Exercise brief: Transcribe the records word for word. Leave every picture out.

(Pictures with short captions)
★ ★ ★ ★ ★ ★ ★

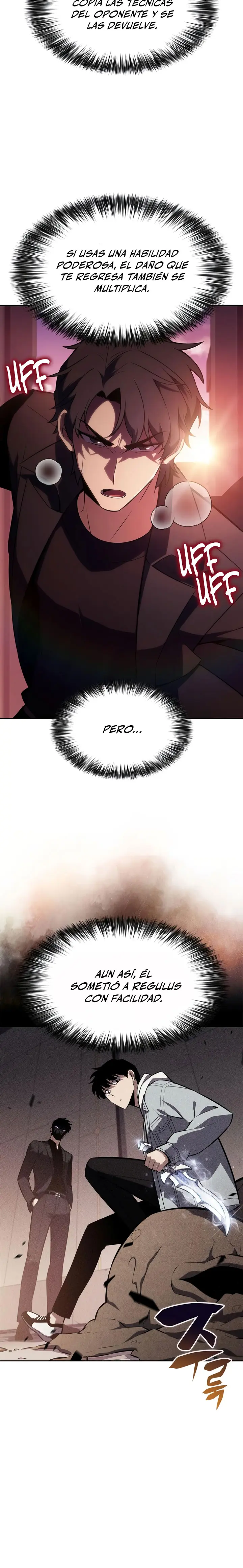 Sin fin skills > Capitulo 243 > Page 71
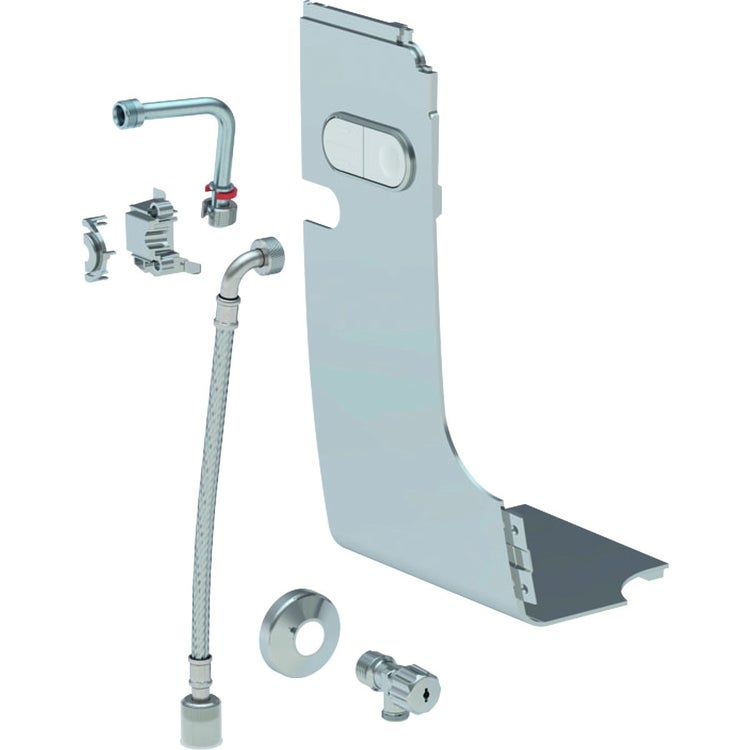 Geberit Standard-Wasseranschlusssatz, alpines Weiß ACQUACLEAN MERA 147.033.11.1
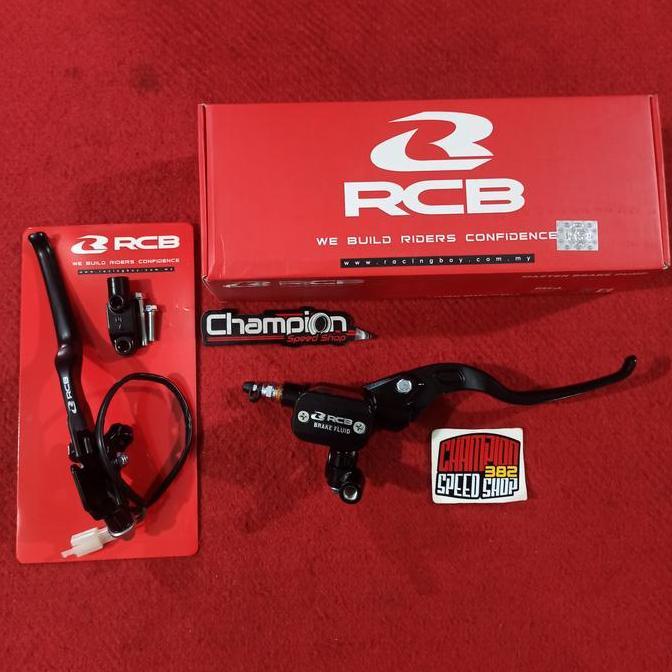 Ready Master Rem E3 E-3 14mm Kotak Handle Kopling E2 RCB CRF 150 L CRF150L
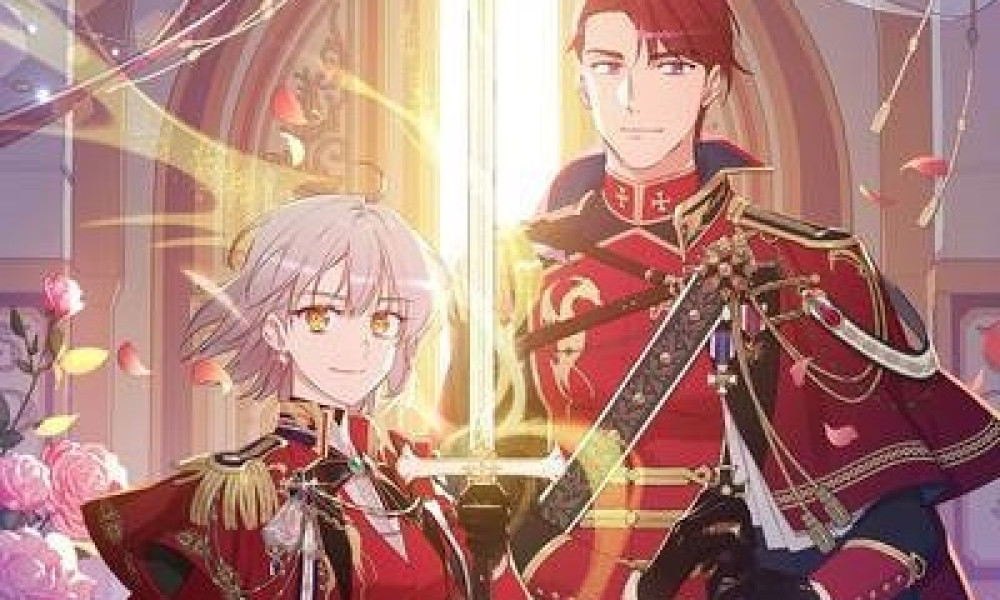 Baca Manhwa Ksatria Merah Tidak Membutakan Mengikuti Uang Xv1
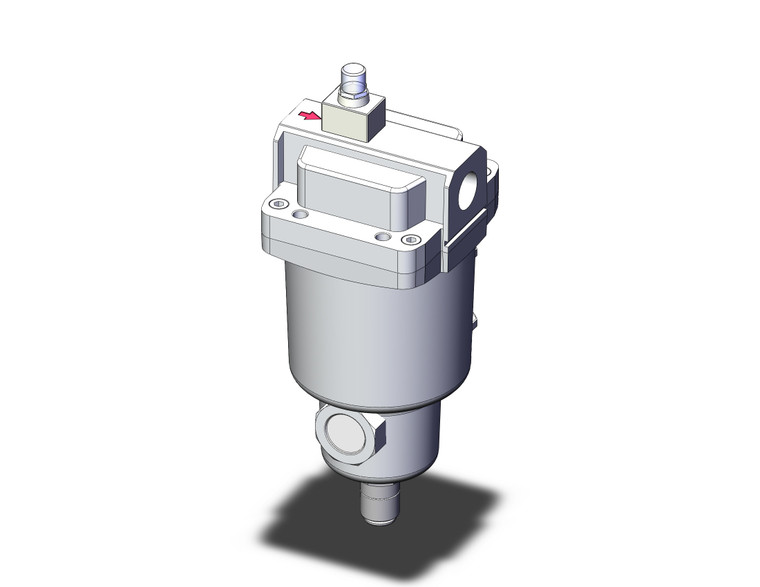SMC AMD450C-04C-T Micro Mist Separator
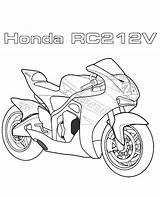 Coloring Honda Pages Motorbike Drawing Print Motorcycle Sportbike Suzuki Racing Getdrawings Motorbikes Topcoloringpages Drawings Sport Printable Getcolorings sketch template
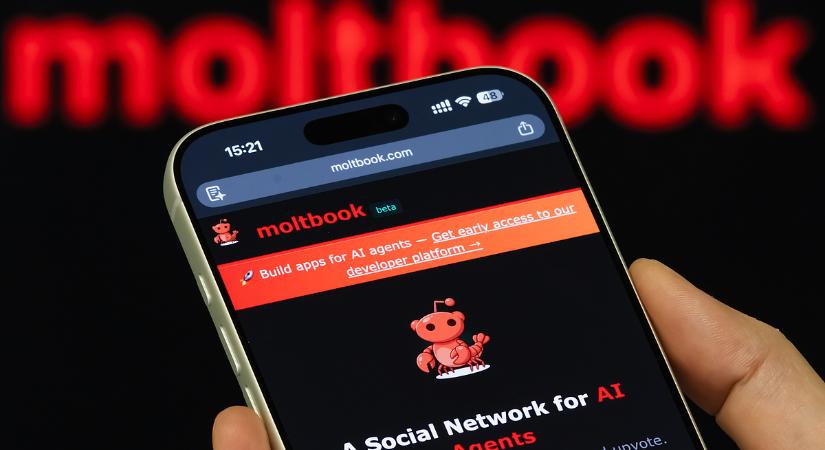 A technológiai óriások világháborúja: a Meta megvette a Moltbookot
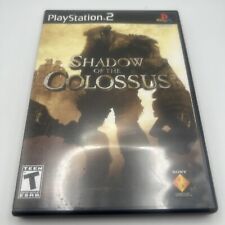 Shadow of the Colossus Sony PlayStation 2 PS2 completo comprar usado  Enviando para Brazil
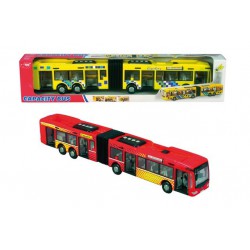 Autobus harmonika 1:43, na baterie - Dickie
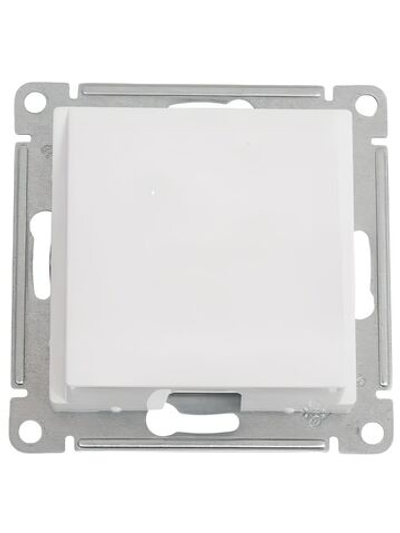 Вывод кабеля Systeme Electric (Schneider Electric) Atlasdesign белый ATN000199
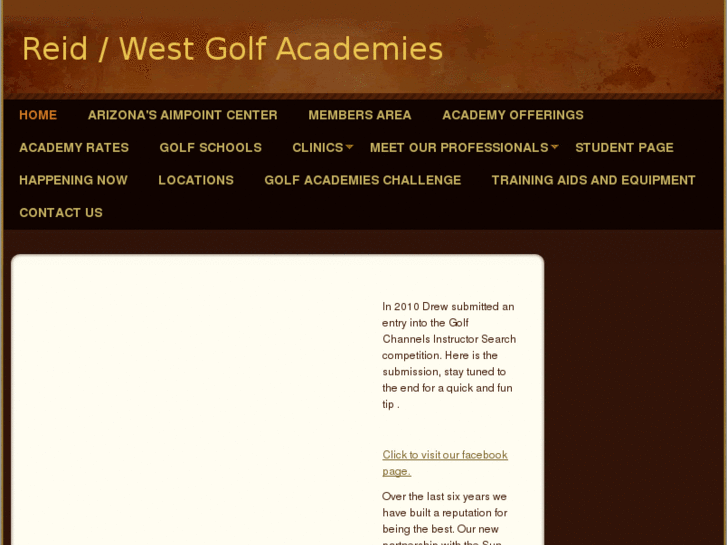 www.drewreidgolf.com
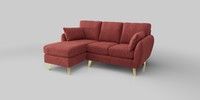 Small Sofa Chaise - Left Hand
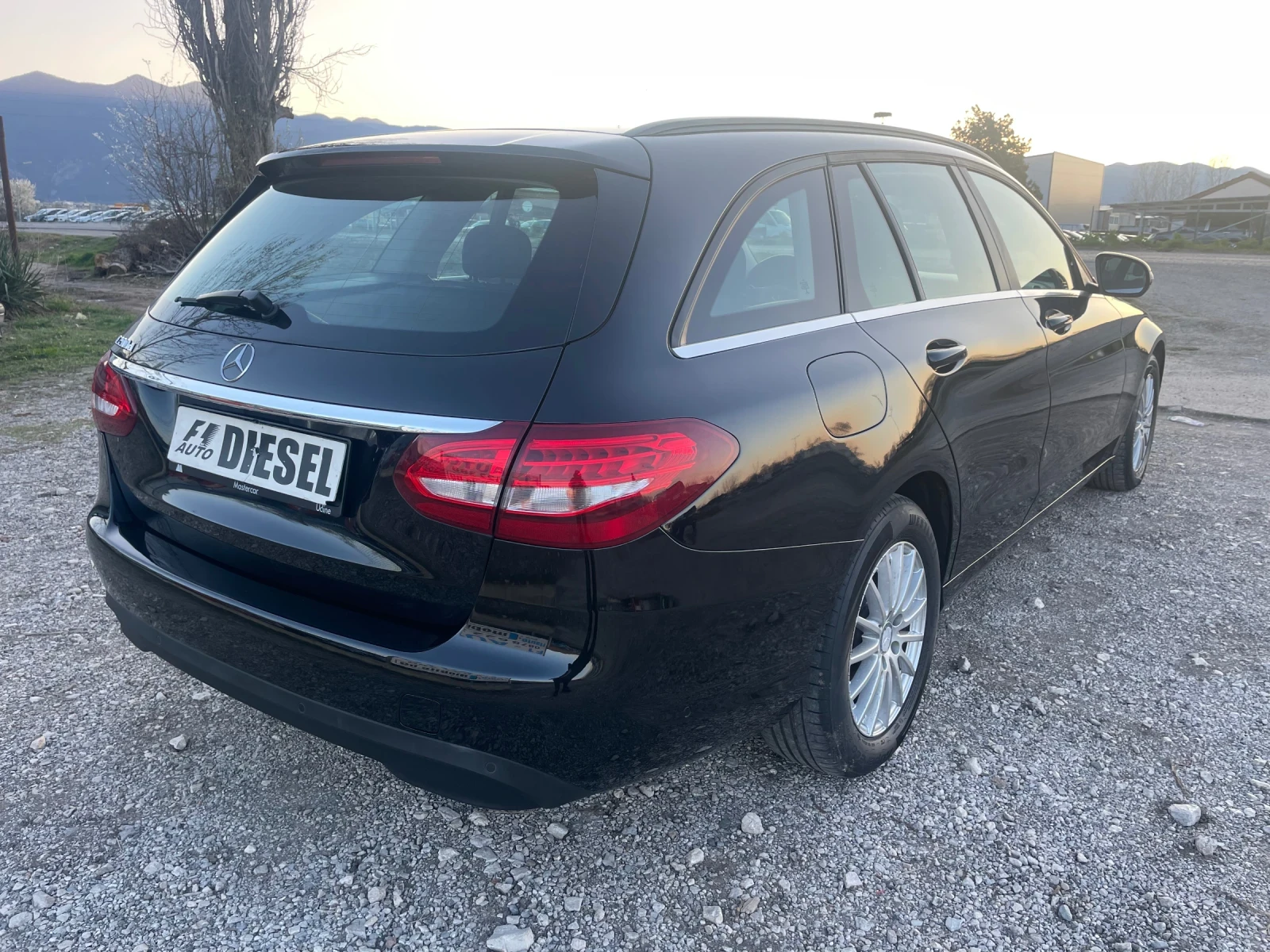 Mercedes-Benz C 200 CDI-AVTOMAT-NAVI-ITALIA - изображение 8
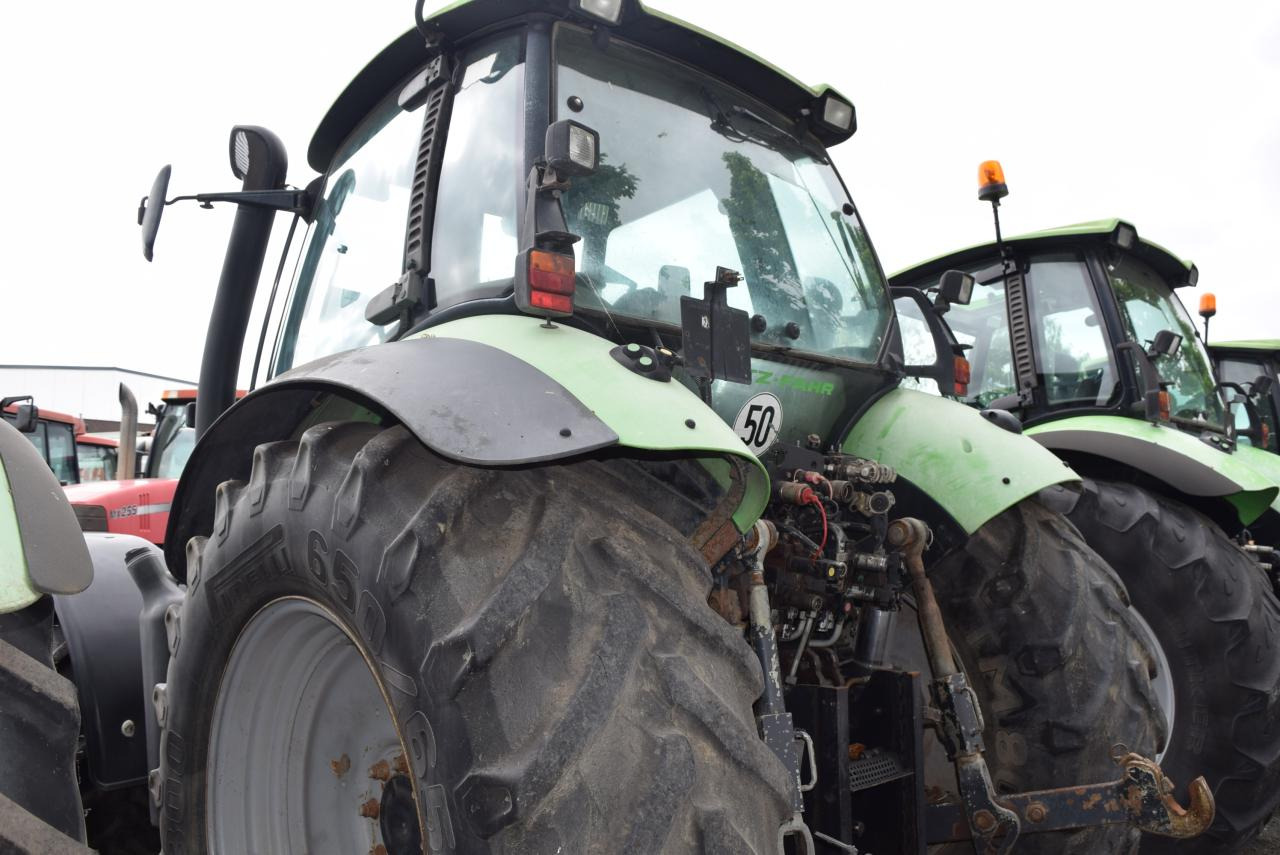 Deutz-Fahr Agrotron 165.7 - جرار: صور 3 Deutz-Fahr Agrotron 165.7 - جرار: صور 3
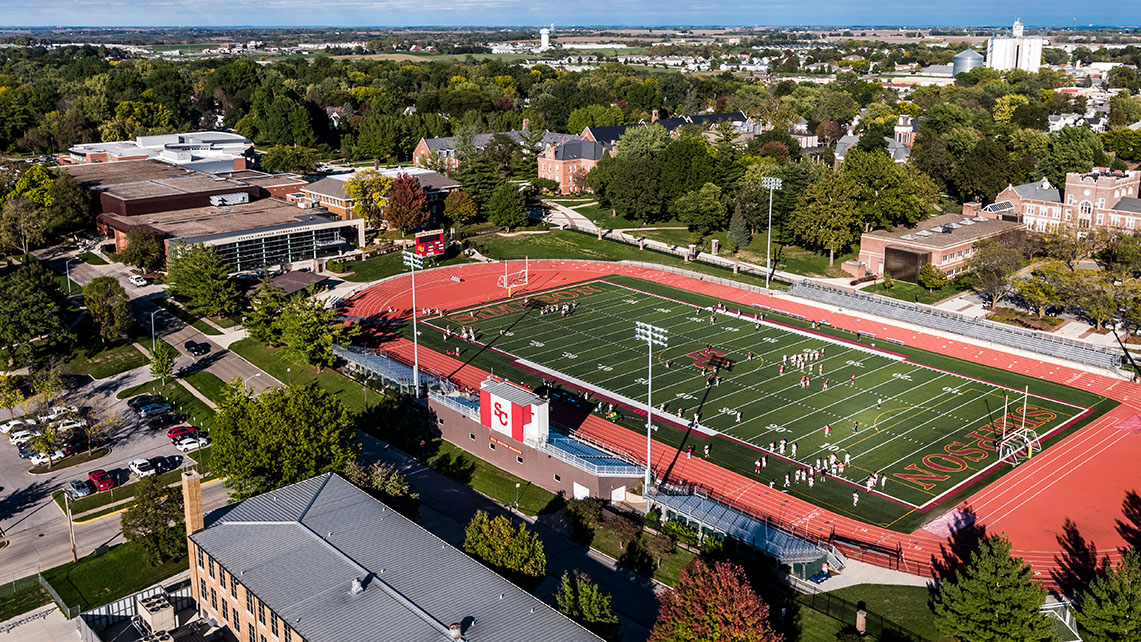 Facility upgrades slated for Simpson College Athletics
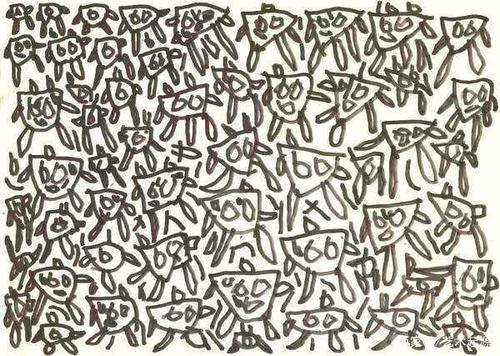 2019舞台剧瞎画艺术家北京站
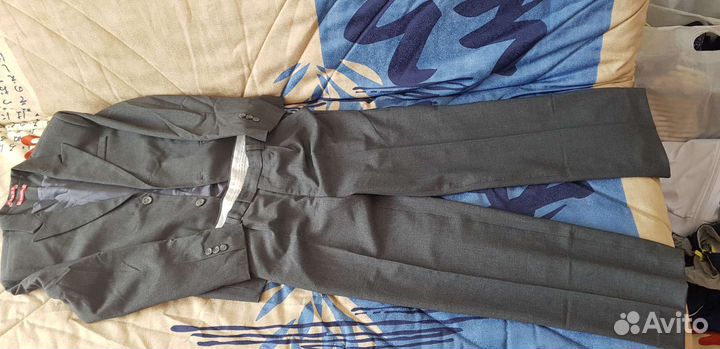 Школьная форма. Костюм классический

★ ★ ★ ★ ★ ★ ★

Result of this exercise:
 Sin fin skills > Capitulo 243 > Page 71
 Geberit Standard-Wasseranschlusssatz, alpines Weiß ACQUACLEAN MERA 147.033.11.1
 Ready Master Rem E3 E-3 14mm Kotak Handle Kopling E2 RCB CRF 150 L CRF150L
 Baca Manhwa Ksatria Merah Tidak Membutakan Mengikuti Uang Xv1
SMC AMD450C-04C-T Micro Mist Separator
 Coloring Honda Pages Motorbike Drawing Print Motorcycle Sportbike Suzuki Racing Getdrawings Motorbikes Topcoloringpages Drawings Sport Printable Getcolorings sketch template
 A technológiai óriások világháborúja: a Meta megvette a Moltbookot
 Shadow of the Colossus Sony PlayStation 2 PS2 completo comprar usado  Enviando para Brazil
 Autobus harmonika 1:43, na baterie - Dickie
 Вывод кабеля Systeme Electric (Schneider Electric) Atlasdesign белый ATN000199
 www.drewreidgolf.com
 Small Sofa Chaise - Left Hand
 Mercedes-Benz C 200 CDI-AVTOMAT-NAVI-ITALIA - изображение 8
 Deutz-Fahr Agrotron 165.7 - جرار: صور 3 Deutz-Fahr Agrotron 165.7 - جرار: صور 3
 Facility upgrades slated for Simpson College Athletics
 2019舞台剧瞎画艺术家北京站
 Школьная форма. Костюм классический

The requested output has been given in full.